What you should do: From the line that contains "by Leo Cullum" to the last line of the data below, transcribe every line exactly. Do not include the pictures.

Dataset extract:
● ● ● ● ● ● ●
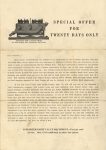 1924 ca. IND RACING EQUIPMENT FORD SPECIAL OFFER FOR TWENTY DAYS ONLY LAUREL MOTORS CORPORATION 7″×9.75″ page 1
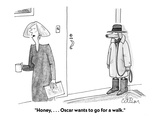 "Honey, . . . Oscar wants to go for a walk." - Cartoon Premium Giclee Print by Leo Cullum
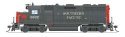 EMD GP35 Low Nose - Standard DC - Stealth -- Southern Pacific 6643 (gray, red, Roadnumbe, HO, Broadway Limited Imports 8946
● ● ● ● ● ● ●
Exercise output:
 "Honey, . . . Oscar wants to go for a walk." - Cartoon Premium Giclee Print by Leo Cullum
 EMD GP35 Low Nose - Standard DC - Stealth -- Southern Pacific 6643 (gray, red, Roadnumbe, HO, Broadway Limited Imports 8946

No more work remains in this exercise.